When Steve and I were on the way home from the hospital after Susannah’s death, we stopped at a convenience store. As we walked in, the first sight I saw was a young mommy coming out with a tiny baby in a car seat. How many times during Melanie’s pregnancy had I seen a similar situation and thought to myself, “Soon that will be Melanie with her baby”? As I looked at that mommy and baby, my eyes filled with tears thinking that Nathan and Melanie would never put Susannah Joy into a car seat. At that moment, I realized I had a choice in front of me. I could gaze at the baby and think about all the “what if’s,” focusing on my pain and grief and Nathan and Melanie’s as well. Or I could turn my thoughts away from myself and onto the Lord Jesus Christ through thanksgiving. “In every thing give thanks: for this is the will of God in Christ Jesus concerning you” (1 Thessalonians 5:18).

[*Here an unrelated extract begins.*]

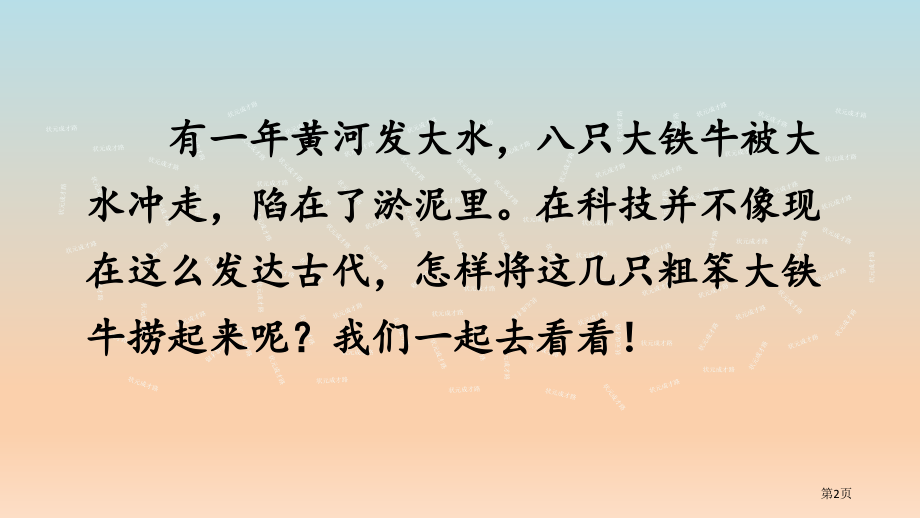 18-捞铁牛市公开课金奖市赛课一等奖课件.pptx_第2页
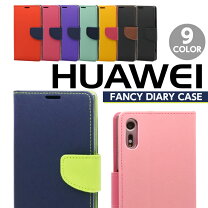 楽天市場】huawei nova lite ケースの通販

Thanksgiving is a daily, ongoing choice I have to make. I can wake up in the morning thinking about Susannah and start to cry, or I can wake up praising the Lord. When something hits me out of nowhere that reminds me of Susannah, and I begin to cry, I can continue to cry, or I can take those thoughts captive. “Casting down imaginations, and every high thing that exalteth itself against the knowledge of God, and bringing into captivity every thought to the obedience of Christ” (2 Corinthians 10:5). The truth is that while we wanted Susannah to be a part of our lives on earth, she is with the Lord Jesus—a place filled with the joy of His presence without any pain or sorrow. The span of this life is but a passing moment compared to the eternity we will spend with her. Where will I put my thoughts—on myself or on my Lord Jesus?

We are very grateful to each of you who have prayed for Susannah, Nathan, Melanie, and our family. You have been a part of God’s rod and staff that brought us comfort. Your prayers and words have sustained us, and they have caused us to thank God as we walk in this valley of death.

“Yea, though I walk through the valley of the shadow of death, I will fear no evil: for thou art with me; thy rod and thy staff they comfort me” (Psalms 23:4). Perhaps you have walked through the valley of the shadow of death. Maybe you have faced or are facing another type of trial for which there are no answers. May I encourage you that God is good. Trust in the truth of His Word. Allow yourself to be comforted by the God of all comfort. Set your mind on thanking Him rather than on the grief or difficulty.